Allahü Teâlâ, bütün Müslümanların tek bir İslâm imanında, dininde olmalarını istemektedir. İslâm dininde, imanda, itikatta ayrılığa düşmememizi istemektedir. Allah cc. Sözü olan Kur’ân ve peygamberinin yolundan ayrılmamalı. Müslümanlar olarak, tefrikaya- ayrılığa düşmemeli. Kur’ân ve sünnete sımsıkı bağlanmalı. Peygamberimizin, İslâm dinini yaşadığı gibi Müslümanlığı yaşamalı. “Müslümanın; inanç- iman- itikat- akait, ibadet, güzel ahlâk, muamelat ve yaşantısının; Kur’ân, sünnet, hadis-i şerif üzere olmalı.” Bu yoldan ayrılıp, çok farklı sapkınlıklara düşmemeli. İslâm dışı olan tüm batıl felsefi görüş, beşeri küfür inanış, sapkın ideolojik yollar, sapkınlıktır. İslâm dinini reddederler. Bu sapkınlıklara uyanlarda, İslâm ve Müslüman düşmanlığı yaparlar. Zalimler, insanlık ve varlık düşmandır. Zalimlere uyanlarda, onlar gibi zalim ve hastalıklı anlayış sahipleridir!
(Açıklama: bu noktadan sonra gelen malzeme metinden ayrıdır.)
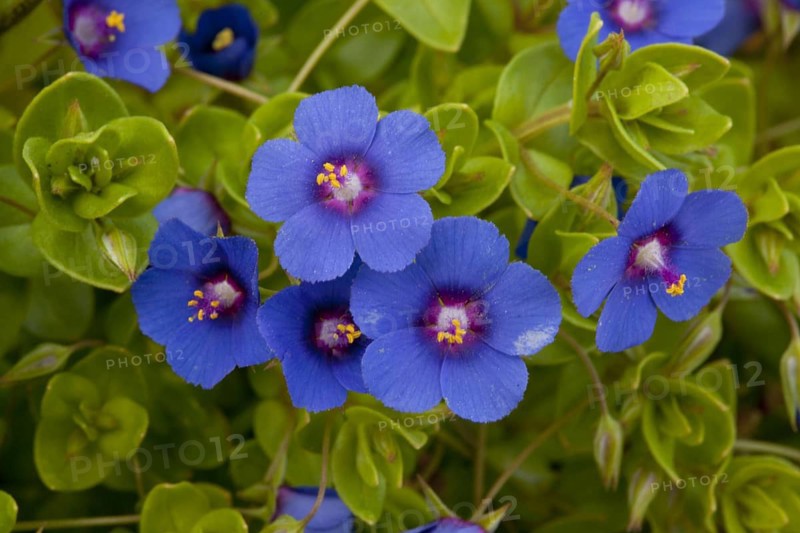 Scarlet Pimpernel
            İslâm dininde; yalana, iftiraya, yanlışa, sapkınlığa, zalime, zulme yer yoktur. İslâm ve sünnet ile yaşamalıyız. Kur’ân ve sünnette istediğimiz sorunun yanıtını bulamazsak, âlimlerin kanıtlardan yola çıkarak, bulduğu ortak “icma” denilen görüşlerine uymalıyız. İcma da sorumuza yanıt bulamazsak; “kıyas” yapılmalı. Kur’ân, sünnet, ilim, bilimden hareketle; doğru ve gerçekçi, bilimsel kararlar vermeliyiz. Öyle gidip de sapıkların, sapanların, sapkınların, fitnecilerin, bozukların, bozguncuların söz ve yazılarına bağlanmamalıyız. İslâm dini ile bilim birbirinin aynı iradeden, kaynaktan türeyen iki bölümüdür. Âlim olan Allah’ın yaratmasıdır. Din, Allah’tandır. Bilimde Allah’tandır. Bir Müslüman dinide, bilimi de, tekniği de, teknolojiyi de çok iyi ve dosdoğru bilmeli ve de yaşamalıdır.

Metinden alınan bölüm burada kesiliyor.